Se terminarán vendiendo activos inmobiliarios a precio de saldo

Los inversores en busca de gangas en el sector inmobiliario español están al acecho, y algunos, como el multimillonario Donald Trump, ni siquiera son capaces de simularlo. En el caso del magnate estadounidense, desde el poderío que le da contar con más de 2.000 millones de euros para invertirlos en lo que se le antoje, acaba de señalar, no sin cierta chulería, que España está enferma y hay que aprovecharse de la situación por “te lo están dando todo por nada y los precios son irrisorios”.

 

Lo comentado por Trump es lo que piensan el conjunto de fondos, tasadoras y cualquier ‘lobby’ que se  precie de serlo, sabedores de que existen activos que en el futuro, una vez superadas las grandes incertidumbres, son susceptibles de venderse a precios que reporten pingües plusvalías.

 

Ya se dejaron ver en febrero pasado, cuando el Gobierno aprobó el primer Real Decreto de saneamiento financiero, acrecentaron su presencia en mayo, con la aprobación del segundo, y están ojo avizor ahora, esperando a ver en qué condiciones se produce el rescate que está a punto de solicitar formalmente el Ejecutivo presidido por Mariano Rajoy.

 

A medida que aumentan las provisiones por esos activos inmobiliarios, más capacidad de negociar a la baja tienen todos esos agentes interesados en comprar. “Algunos de estos activos acabarán vendiéndose a precio de saldo”, comenta uno de los gestores partícipe en este tipo de negociaciones.

 

A partir de aquí habrá que ver cómo las entidades financieras responden.
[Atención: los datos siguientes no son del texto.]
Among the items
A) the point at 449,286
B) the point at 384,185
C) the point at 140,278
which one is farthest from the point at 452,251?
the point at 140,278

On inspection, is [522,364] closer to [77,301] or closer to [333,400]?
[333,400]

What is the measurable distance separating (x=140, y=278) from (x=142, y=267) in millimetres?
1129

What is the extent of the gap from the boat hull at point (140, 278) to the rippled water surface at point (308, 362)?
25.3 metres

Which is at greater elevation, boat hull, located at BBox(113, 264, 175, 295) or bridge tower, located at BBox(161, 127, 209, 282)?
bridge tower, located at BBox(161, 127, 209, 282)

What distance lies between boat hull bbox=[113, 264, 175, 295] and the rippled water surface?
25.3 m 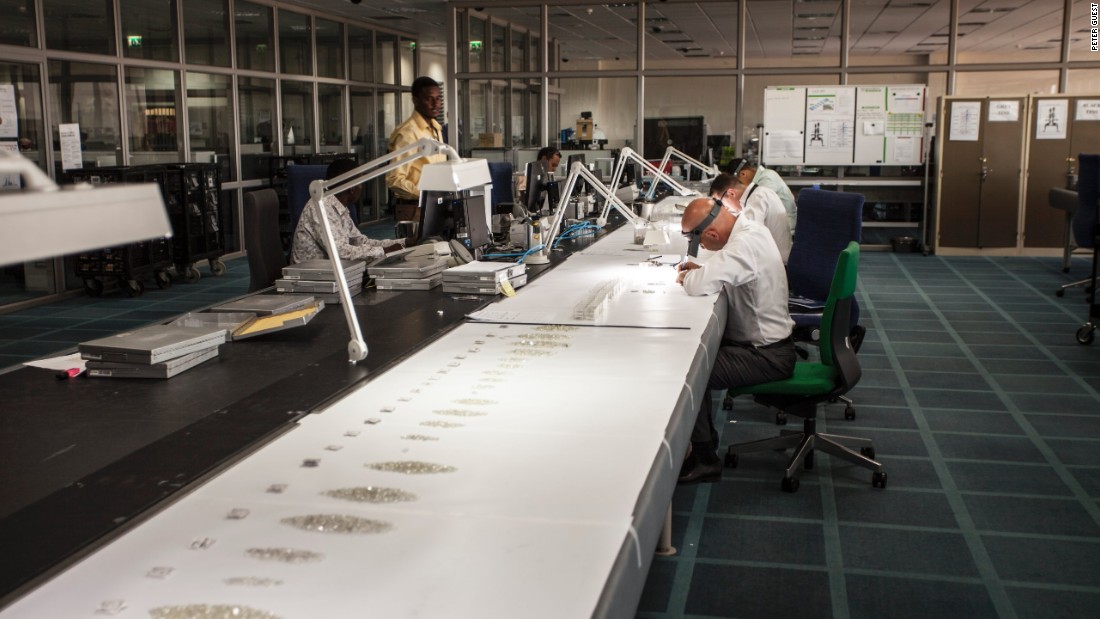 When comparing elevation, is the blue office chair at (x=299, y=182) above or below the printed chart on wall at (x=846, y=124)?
below

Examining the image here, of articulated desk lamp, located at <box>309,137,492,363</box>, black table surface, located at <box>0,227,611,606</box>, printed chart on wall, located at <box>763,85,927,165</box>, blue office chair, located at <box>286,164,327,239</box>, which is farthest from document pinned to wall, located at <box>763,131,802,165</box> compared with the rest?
articulated desk lamp, located at <box>309,137,492,363</box>

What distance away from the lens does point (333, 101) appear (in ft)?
43.5

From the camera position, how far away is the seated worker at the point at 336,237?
4.34 meters

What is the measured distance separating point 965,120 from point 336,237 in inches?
332

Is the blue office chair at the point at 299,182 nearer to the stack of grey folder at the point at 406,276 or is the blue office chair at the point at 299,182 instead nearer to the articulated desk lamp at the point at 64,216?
the stack of grey folder at the point at 406,276

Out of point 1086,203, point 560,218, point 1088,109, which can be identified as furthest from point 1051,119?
point 560,218

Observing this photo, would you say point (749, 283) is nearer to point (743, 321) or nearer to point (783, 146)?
point (743, 321)

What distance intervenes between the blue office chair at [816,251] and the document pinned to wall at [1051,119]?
675 centimetres

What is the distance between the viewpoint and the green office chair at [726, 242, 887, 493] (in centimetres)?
347

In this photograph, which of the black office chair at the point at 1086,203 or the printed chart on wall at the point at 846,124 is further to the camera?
the printed chart on wall at the point at 846,124

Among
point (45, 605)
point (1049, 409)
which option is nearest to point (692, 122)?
→ point (1049, 409)

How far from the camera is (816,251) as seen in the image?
491 centimetres

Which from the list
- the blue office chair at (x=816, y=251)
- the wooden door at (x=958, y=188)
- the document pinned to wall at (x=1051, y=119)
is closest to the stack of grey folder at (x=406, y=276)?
the blue office chair at (x=816, y=251)

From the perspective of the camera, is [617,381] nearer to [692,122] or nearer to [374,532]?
[374,532] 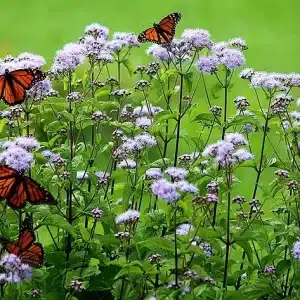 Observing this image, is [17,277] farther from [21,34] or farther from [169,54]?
[21,34]

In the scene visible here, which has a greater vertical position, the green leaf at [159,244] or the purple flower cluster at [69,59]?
the purple flower cluster at [69,59]

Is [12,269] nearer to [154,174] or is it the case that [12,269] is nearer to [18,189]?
[18,189]

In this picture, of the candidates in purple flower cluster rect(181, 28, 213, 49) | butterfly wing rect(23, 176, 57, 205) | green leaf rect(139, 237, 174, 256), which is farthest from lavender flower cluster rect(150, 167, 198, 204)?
purple flower cluster rect(181, 28, 213, 49)

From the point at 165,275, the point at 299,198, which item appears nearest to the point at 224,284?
the point at 165,275

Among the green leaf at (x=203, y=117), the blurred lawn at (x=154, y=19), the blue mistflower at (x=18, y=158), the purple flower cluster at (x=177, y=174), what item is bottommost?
the purple flower cluster at (x=177, y=174)

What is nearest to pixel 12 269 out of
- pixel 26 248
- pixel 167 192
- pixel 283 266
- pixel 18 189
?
pixel 26 248

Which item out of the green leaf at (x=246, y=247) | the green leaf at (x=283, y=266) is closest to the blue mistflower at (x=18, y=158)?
the green leaf at (x=246, y=247)

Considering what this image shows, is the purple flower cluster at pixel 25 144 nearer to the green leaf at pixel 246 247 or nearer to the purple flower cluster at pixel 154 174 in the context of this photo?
the purple flower cluster at pixel 154 174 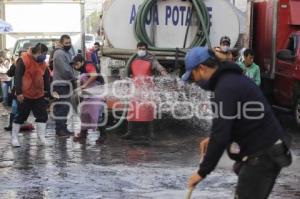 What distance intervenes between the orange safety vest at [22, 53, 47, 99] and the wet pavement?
0.87m

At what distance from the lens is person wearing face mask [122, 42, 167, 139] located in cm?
1070

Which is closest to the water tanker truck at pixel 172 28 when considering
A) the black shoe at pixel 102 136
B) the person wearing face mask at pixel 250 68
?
the person wearing face mask at pixel 250 68

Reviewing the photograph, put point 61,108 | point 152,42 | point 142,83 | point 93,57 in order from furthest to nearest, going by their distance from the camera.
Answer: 1. point 93,57
2. point 152,42
3. point 61,108
4. point 142,83

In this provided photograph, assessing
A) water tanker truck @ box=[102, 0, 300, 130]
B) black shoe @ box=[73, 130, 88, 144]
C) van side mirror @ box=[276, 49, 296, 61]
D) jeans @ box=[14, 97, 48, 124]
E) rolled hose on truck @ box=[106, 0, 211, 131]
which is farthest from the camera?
van side mirror @ box=[276, 49, 296, 61]

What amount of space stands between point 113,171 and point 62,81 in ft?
10.8

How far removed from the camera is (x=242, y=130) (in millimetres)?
4301

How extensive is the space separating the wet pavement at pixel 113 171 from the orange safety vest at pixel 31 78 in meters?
0.87

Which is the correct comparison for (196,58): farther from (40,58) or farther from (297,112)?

Como siempre, las más capitalizadas, como Santander y BBVA, serán las que más puedan aguantar, e incluso si el activo es realmente atractivo podrían llegar a conseguir un precio superior a las provisiones realizadas, apuntándose con ello un beneficio esperado. Evidentemente, no será la práctica común. La mayoría de estos activos –mucho más si se encuentra en el balance de las entidades que finalmente resulten rescatadas– serán liquidados a un precio más o menos similar al de la provisión dotada previamente por ellos, para no asumir mayores pérdidas.

 

En este proceso habrá que estar atentos también a si se produce definitivamente el trasvase de activos inmobiliarios de la banca a las anunciadas sociedades de gestión contempladas en el segundo de los Reales Decretos, llamadas también a servir de soporte para canalizar la situación y ordenar, a largo plazo, la numerosa oferta de inmuebles existente.